[What to do]
Only an exact copy belongs in the answer: the line with "машина за 2000" and every line after it through the end of the records, pictures left out.
** Data follows **
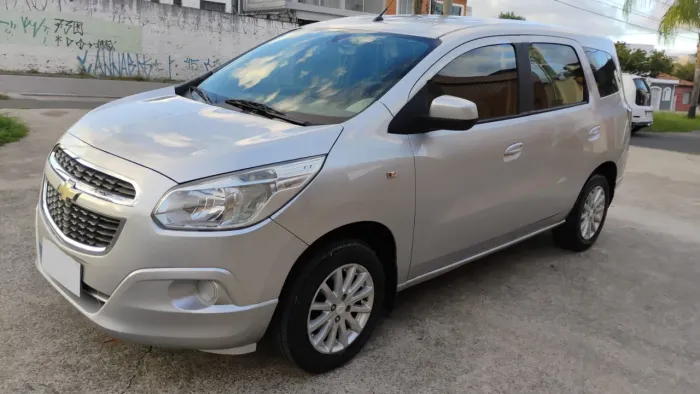 Chevrolet Spin LT 1.8 8V Econo.flex 5P Aut. 2013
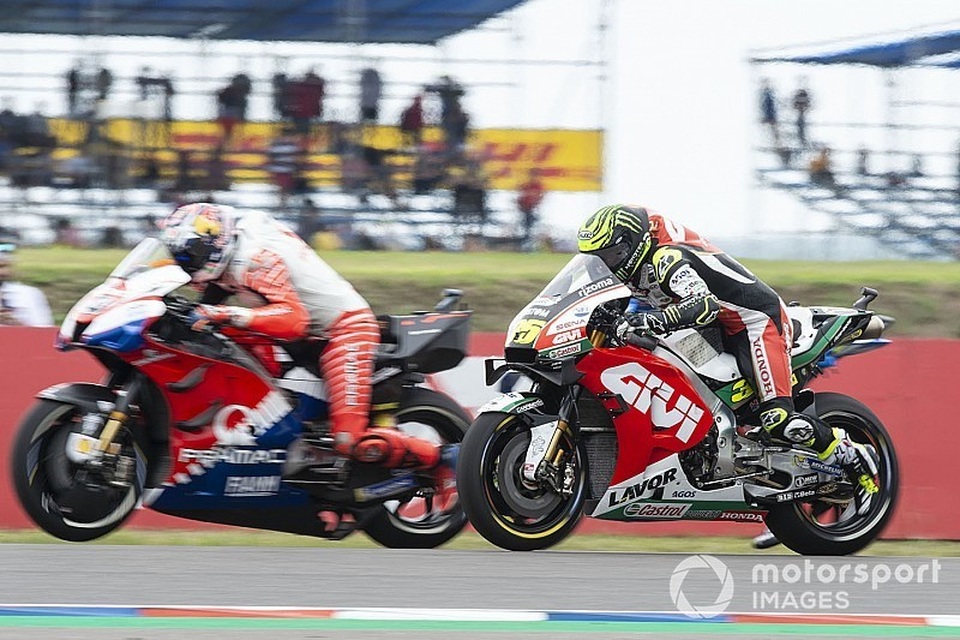 Chặng 2 MotoGP 2019: Marquez thắng dễ dàng tại Argentina - 7 Chặng 2 MotoGP 2019: Marquez thắng dễ dàng tại Argentina - 7
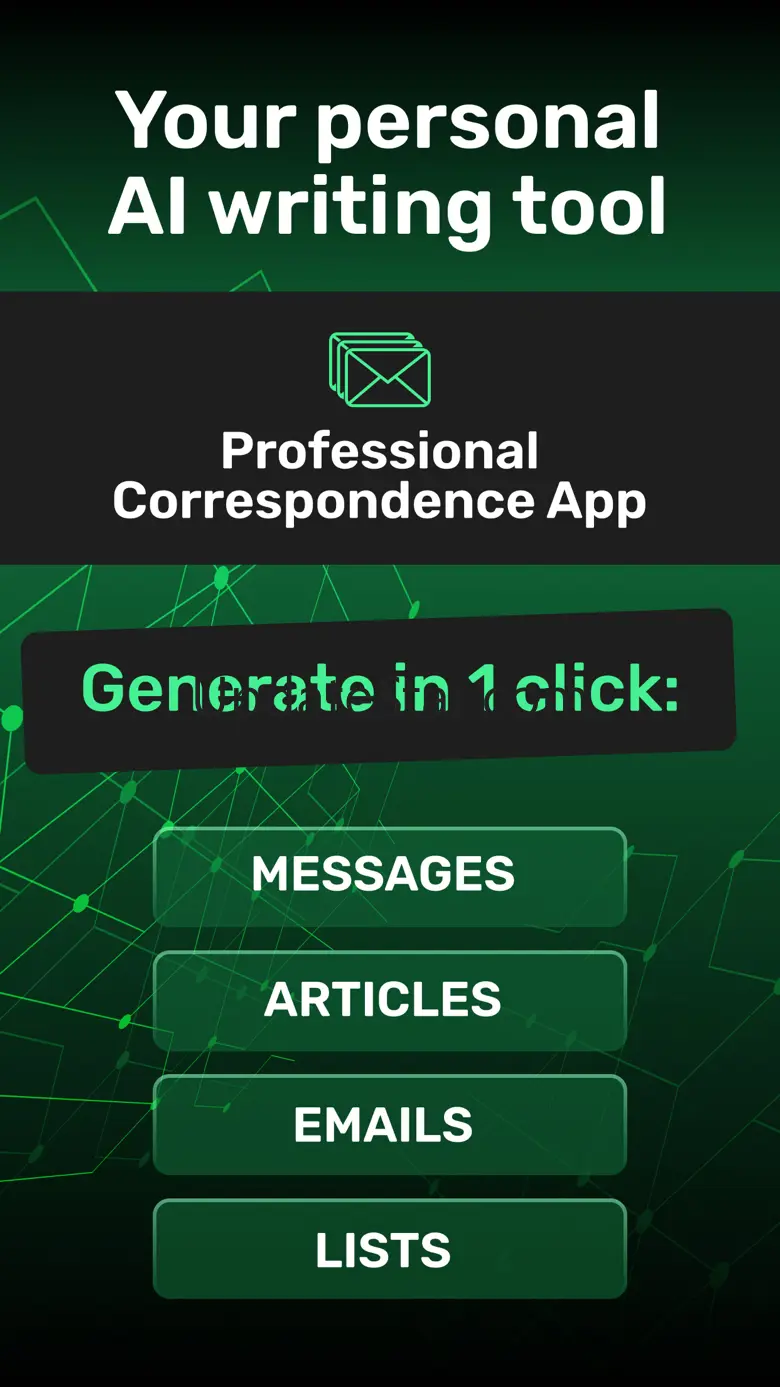AI Email Assistant－Writer Bot 1.02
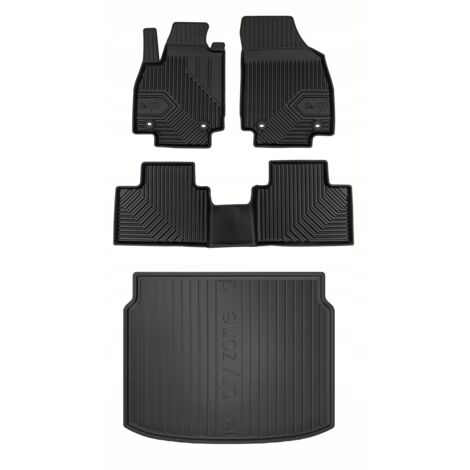 Ensemble 77 Tapis en caoutchouc et tapis MG ZS 2 Hybrid+ à partir de 2024- (1/5)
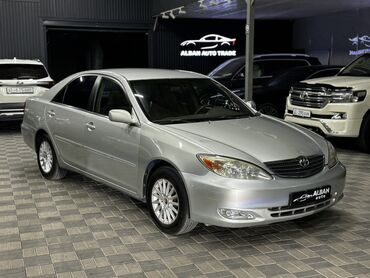 машина за 2000 долларов в бишкеке: Toyota Camry: 2002 г., 2.4 л, Автомат, Бензин, Седан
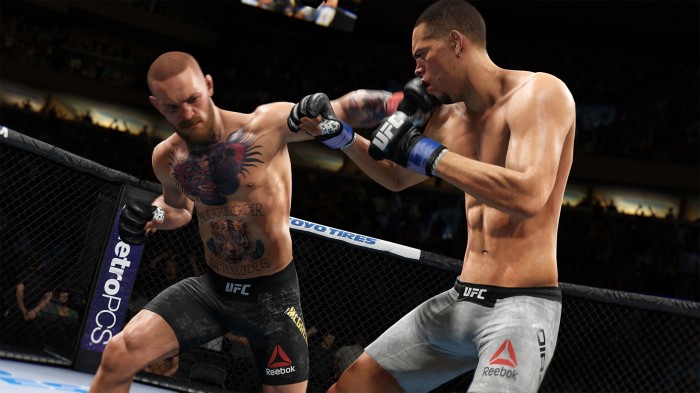 EA Sports UFC 4 - pierwsze recenzje i oceny w sieci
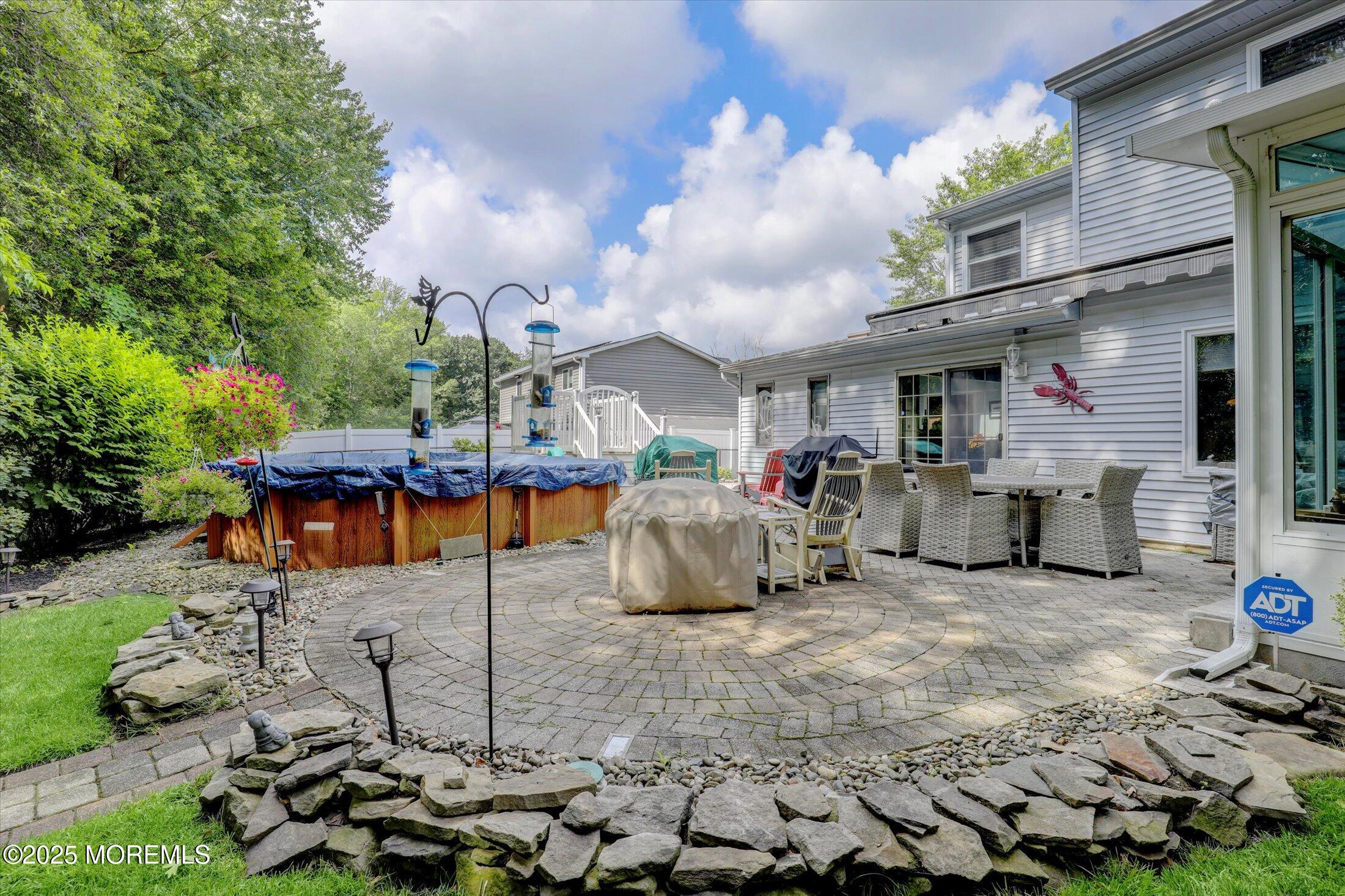 58 Yellowstone Lane Howell, NJ 07731 - Photo 37 of 44 35-Patio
** End of Data **
[Answer area]
 машина за 2000 долларов в бишкеке: Toyota Camry: 2002 г., 2.4 л, Автомат, Бензин, Седан
 EA Sports UFC 4 - pierwsze recenzje i oceny w sieci
 58 Yellowstone Lane Howell, NJ 07731 - Photo 37 of 44 35-Patio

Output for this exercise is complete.